Telecom operators have hit back against TRAI’s call drop compensation order, warning the scheme could lead to an increase in mobile tariffs. The players further believe it’s impossible to guarantee zero call drops.
Network industry bodies AUSPI and COAI think the payback system will be misused by consumers. In a joint letter addressed to TRAI, they claim the scheme will result in a rise in call drop rates. They justified this by asserting that numerous customers would forcibly cause this to happen in order to get Rs 3 per day.
According to the order passed by TRAI, people are entitled to receive compensation for up to 3 call drops in a day. Brands have to pay Rs 1 for each failed connection. The industry bodies believe individuals will be able to game the regulation on a daily basis so they get a Rs 90 reduction in their monthly bill.

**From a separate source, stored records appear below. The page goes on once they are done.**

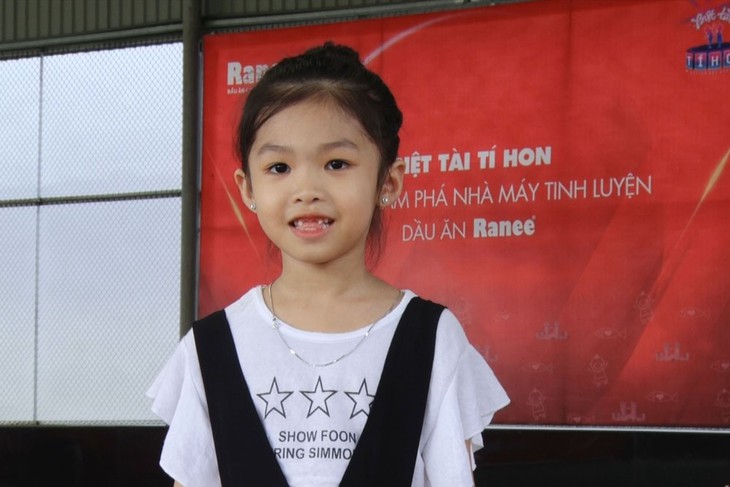 Thí sinh ‘Biệt Tài Tí Hon’ khám phá nhà máy tinh luyện dầu ăn từ cá - Ảnh 5. Thí sinh ‘Biệt Tài Tí Hon’ khám phá nhà máy tinh luyện dầu ăn từ cá - Ảnh 5.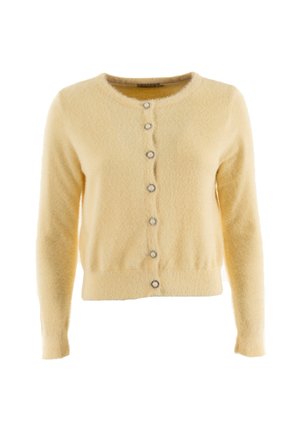 Cardigan en fausse fourrure jaune avec un col rond, des manches longues et une rangée de boutons décoratifs sur le devant.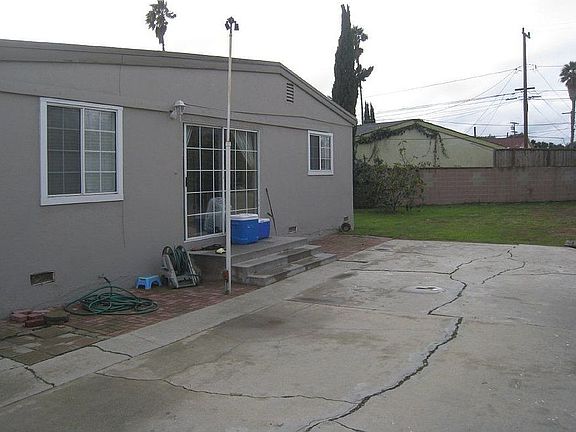 4th image of 18001 Osage Ave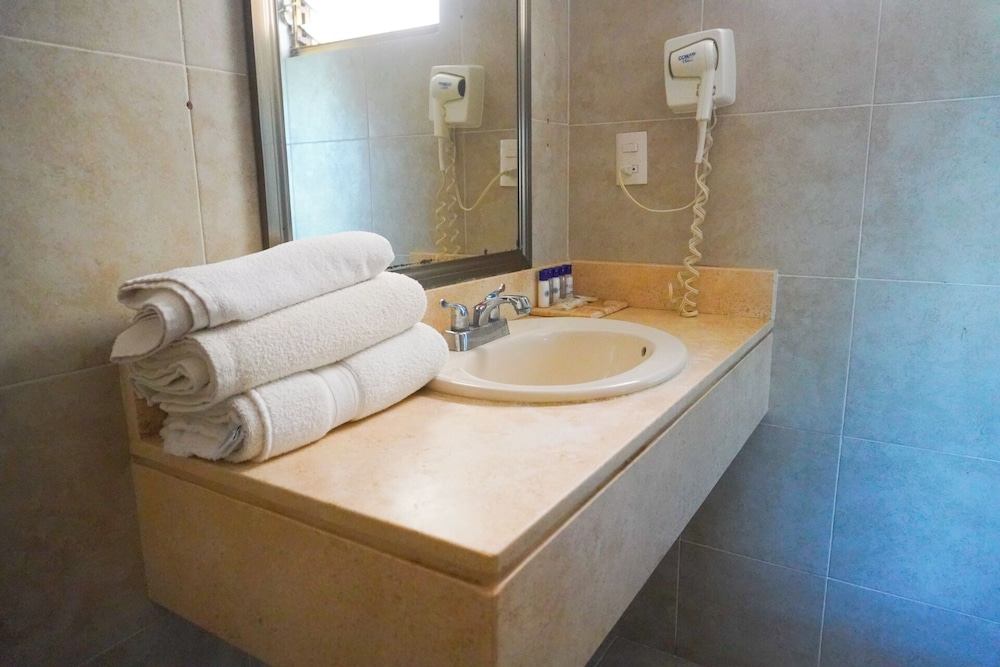 Grand Hotel Colonial Cancun 59/60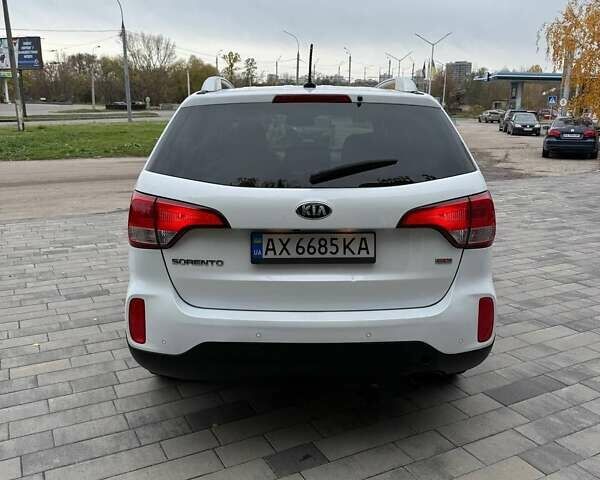 Білий Кіа Соренто, об'ємом двигуна 2.36 л та пробігом 154 тис. км за 10600 $, фото 5 на Automoto.ua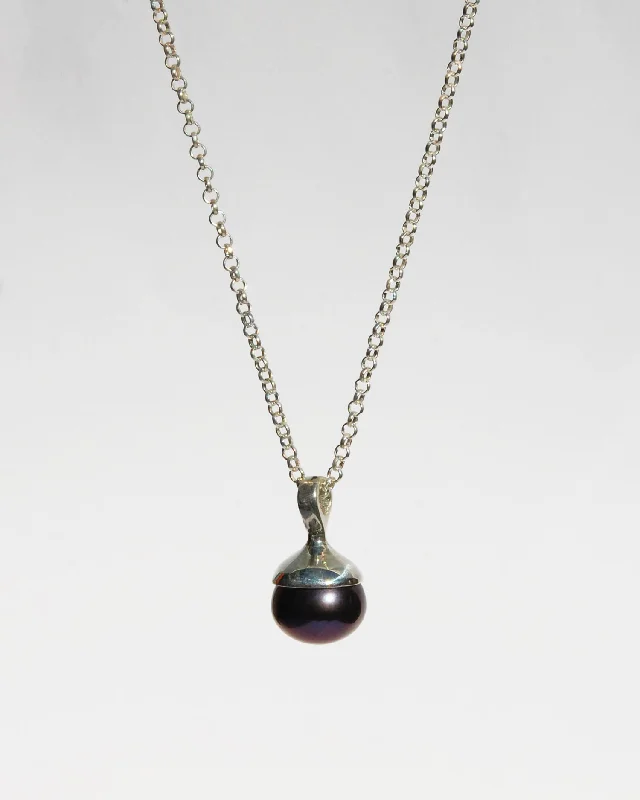 Una Necklace with Black Pearl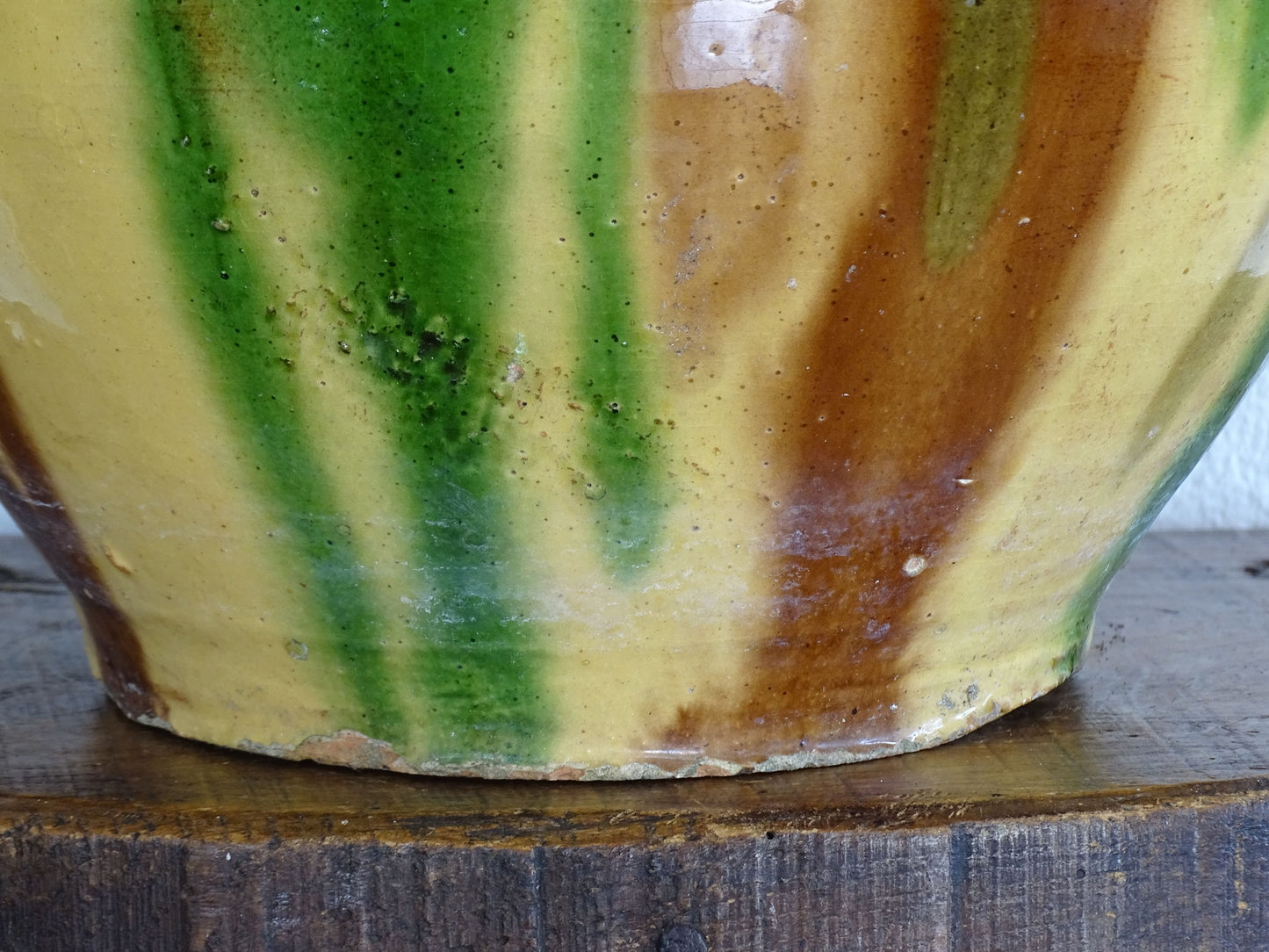 French antique ceramic planter from Castelnaudary, this antique cache pot is in glazed terracotta with green, yellow and brown. 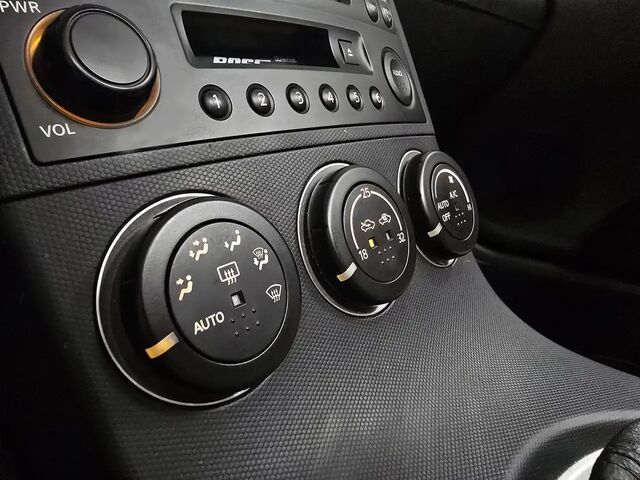 Ниссан 350З 2005 в Европе на Automoto.ua Оранжевый Ниссан 350З, объемом двигателя 3.5 л и пробегом 120 тыс. км за 25589 $, фото 17 на Automoto.ua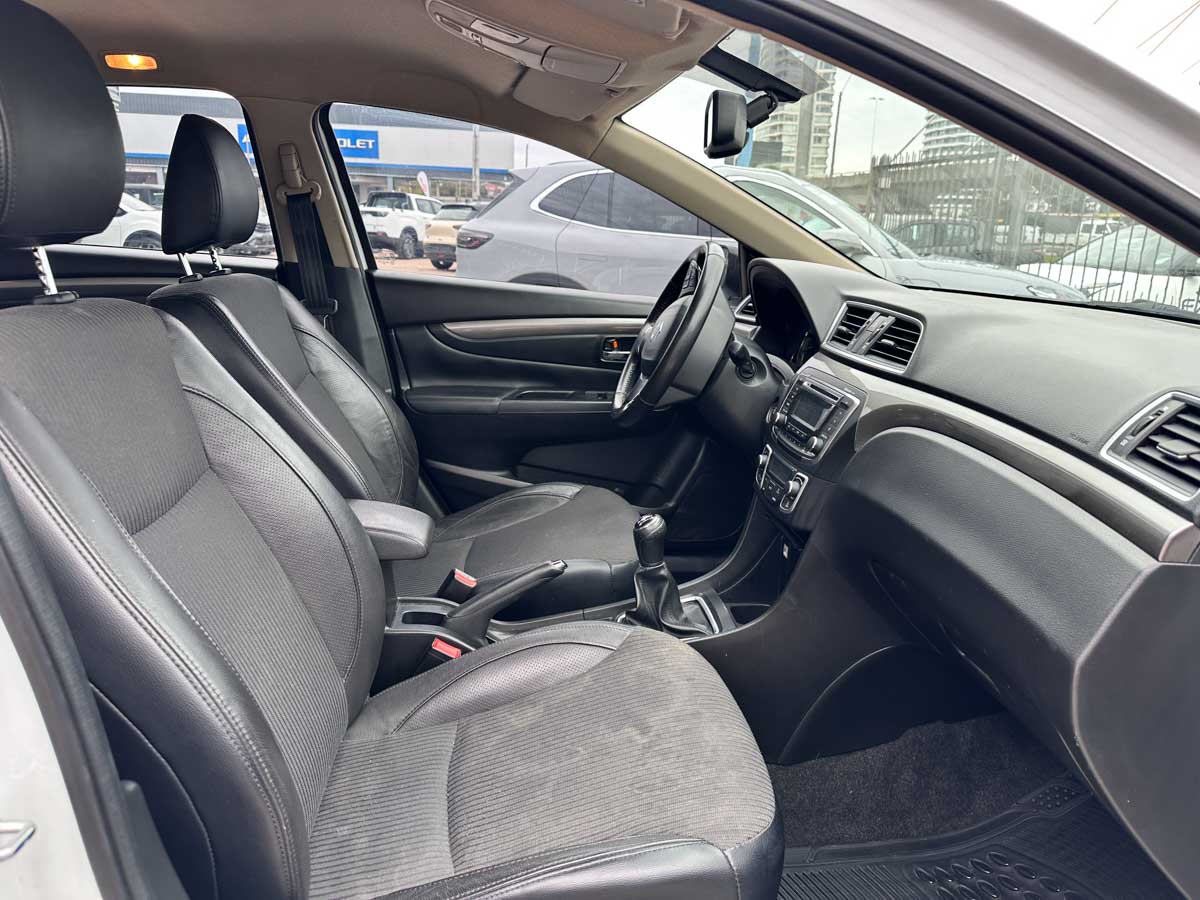 SUZUKI CIAZ GLX 1.4 MT EXTRA FULL 4PTS 2015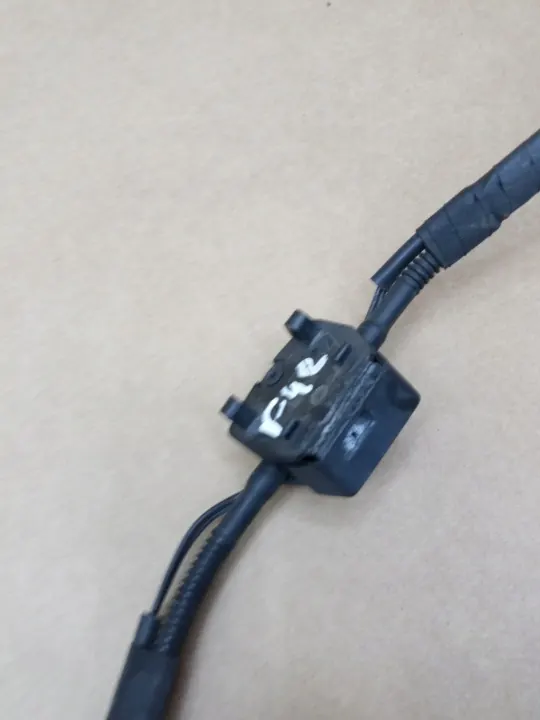 Buse de Lave-Glace Chauffée BMW OEM 616679542 X1 F48 image 3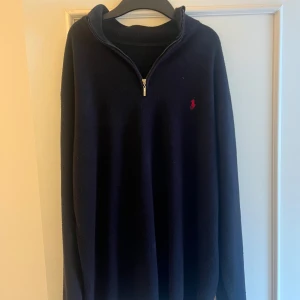 Ralph Lauren kasmirtröja - Säljer en supermjuk och lyxig svart kashmirtröja från Ralph Lauren. Perfekt för kyliga dagar när du vill vara både stilren och bekväm. Tröjan är något nopprig, något som lätt kan fixas. Bortsätt från det, super bra skick. Tröjan är Storlek M och i 100% Kashmir. Hör av er vid frågor! 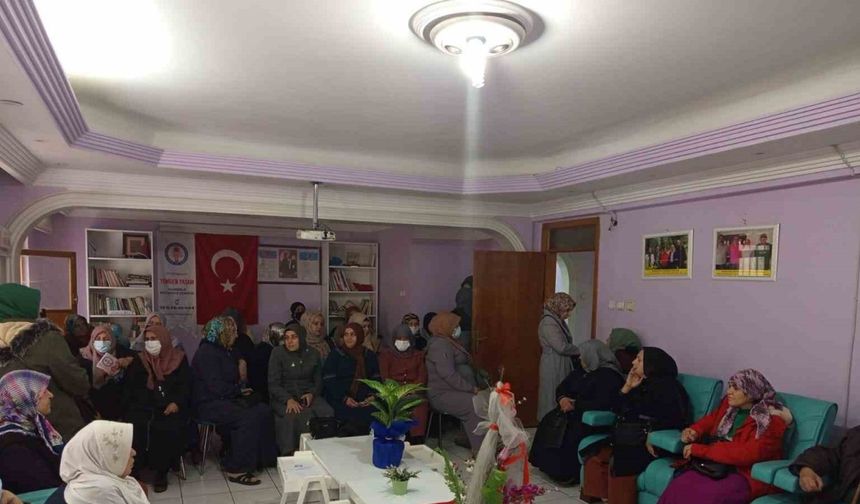 Kadın muhtarlar kanser hastalarıyla bir araya geldi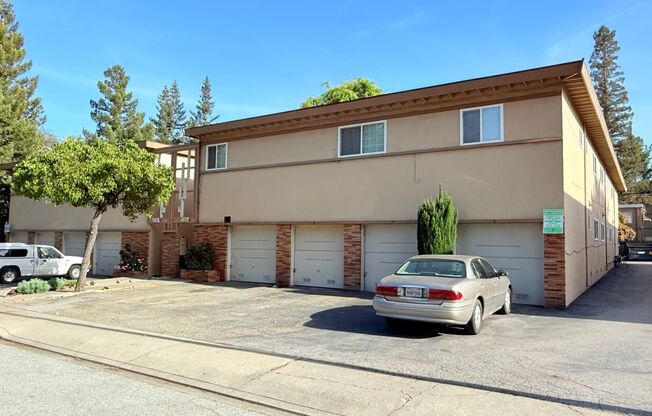 3716 &amp; 3726 Poinciana Drive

The letter goes on to explain the financial ramifications limitless exploitation and engineering of the call drop scheme could have on telecom companies. As per PTI, it may result in a 3% hit on total revenue and a 7% to 8% blow to mobile EBITDA (earnings before interest, taxes, depreciation and amortization).
AUSPI and COAI explained that the average ARPU (average revenue per user) is Rs 125 in India, and a Rs 90 cut in that would force them to take measures in order to recover that amount. Namely, it would have to raise cellular tariffs, leading to consumers spending more to buy a provider’s telecom services.
In the joint letter, the industry organizations state it is impossible to design wireless networks for zero call drops. According to it, full coverage and capacity is unfeasible and are essentially an oxymoron. The call drop order assumes the existence of ideal conditions conducive to such a scenario.
COAI had earlier declared that the compensation system might compel players to pay over Rs 150 crore every day, even if only half the user base in India were dealing with call drops.